=== Instructions to follow ===
The answer is an exact repetition of every entry, with all images left out.

=== Exercise data ===
....
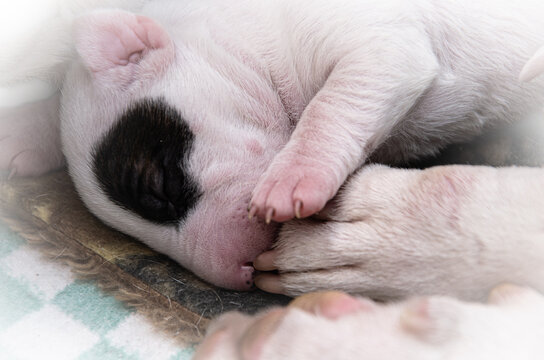 A sleeping newborn puppy with a black spot around his eye holds onto his mother's huge paw with his little paw.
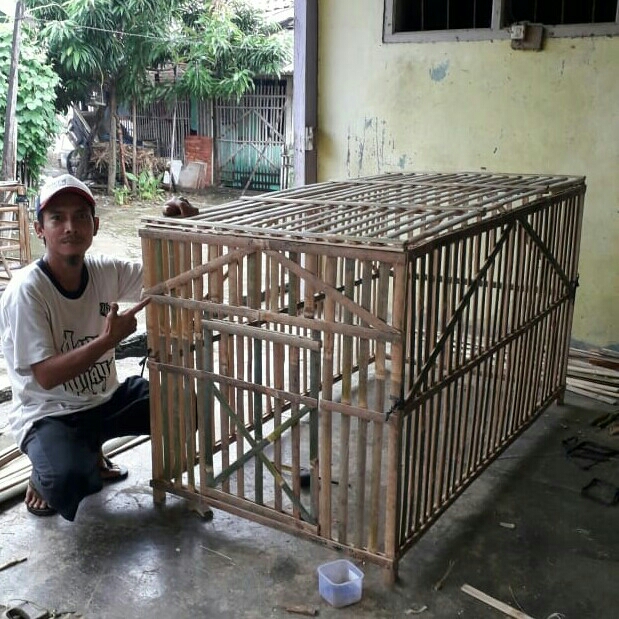 Kandang Bambu 3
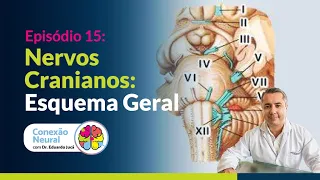 CRANIAL NERVES: GENERAL DIAGRAM
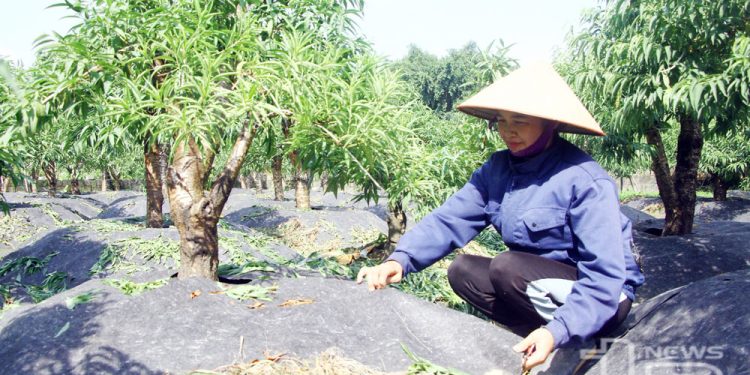 317 Huong Di Moi Trong Phat Trien Lang Nghe O Thai Nguyen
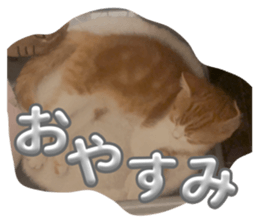 873201319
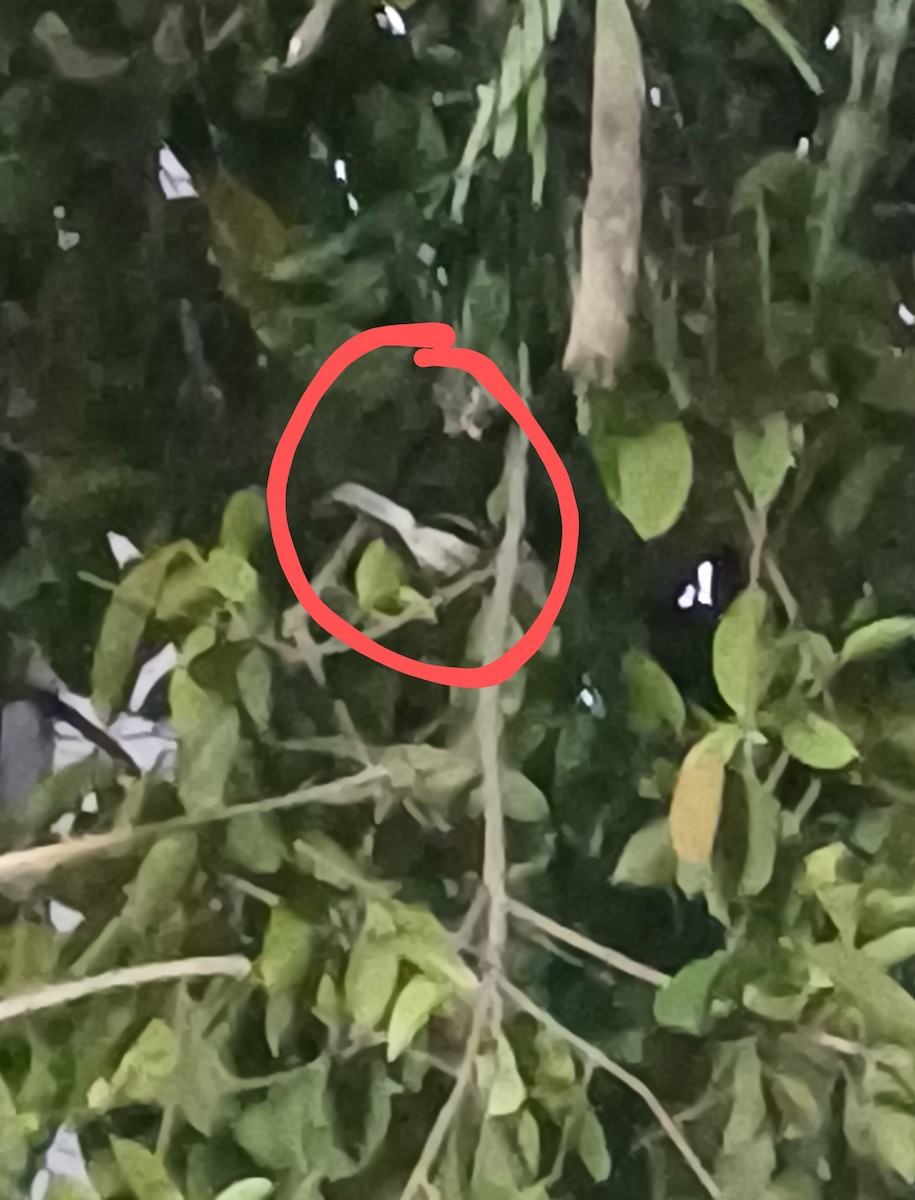 Oriental Magpie-Robin - ML645157517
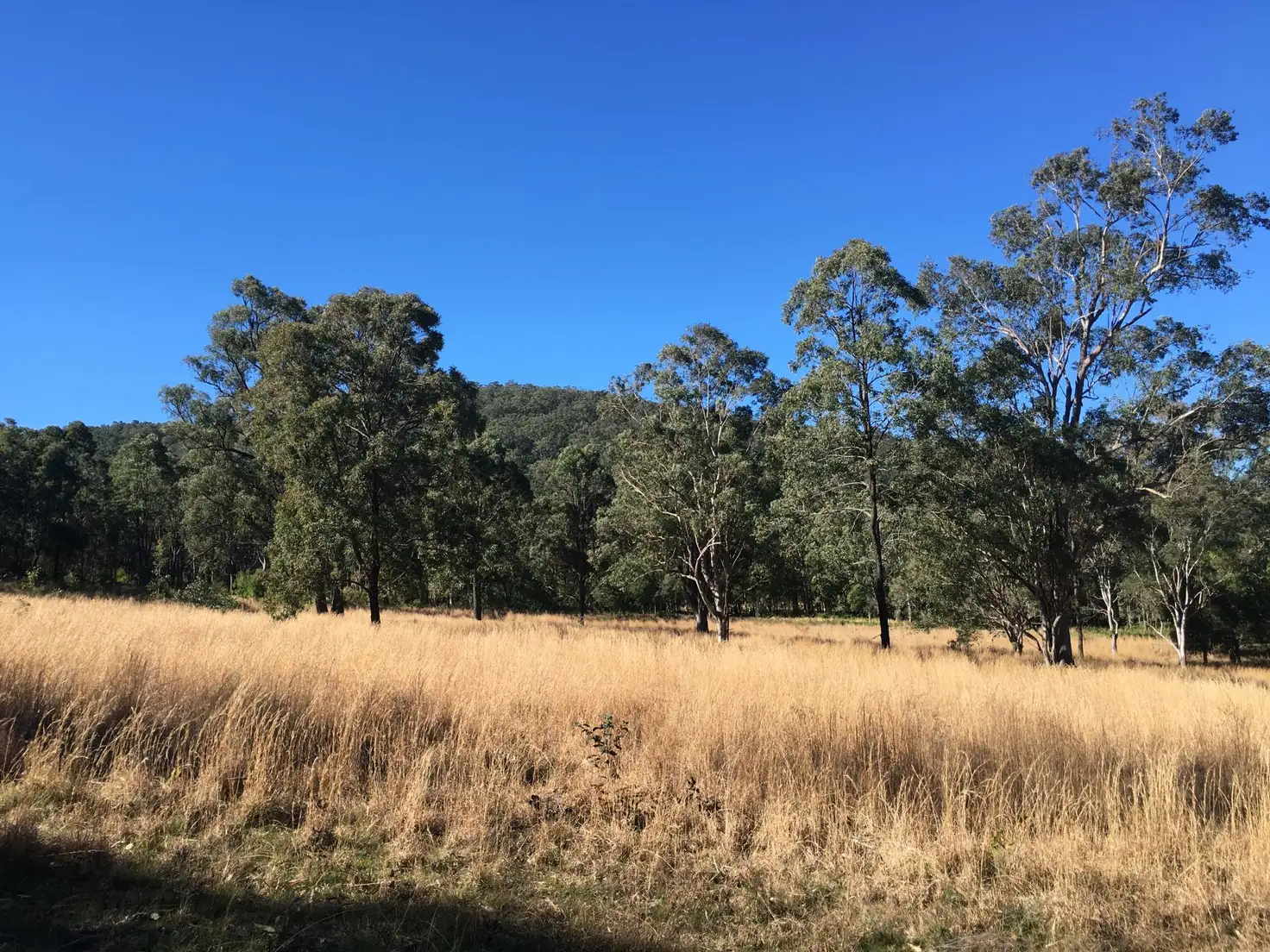 Main view of Homely rural property listing, 268 Six Mile Rd, Eagleton NSW 2324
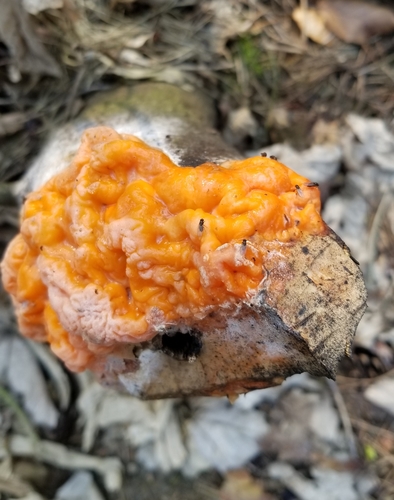 deer vomit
....
=== Solved exercise ===
 A sleeping newborn puppy with a black spot around his eye holds onto his mother's huge paw with his little paw.
 Kandang Bambu 3
 CRANIAL NERVES: GENERAL DIAGRAM
 317 Huong Di Moi Trong Phat Trien Lang Nghe O Thai Nguyen
 873201319
 Oriental Magpie-Robin - ML645157517
 Main view of Homely rural property listing, 268 Six Mile Rd, Eagleton NSW 2324
 deer vomit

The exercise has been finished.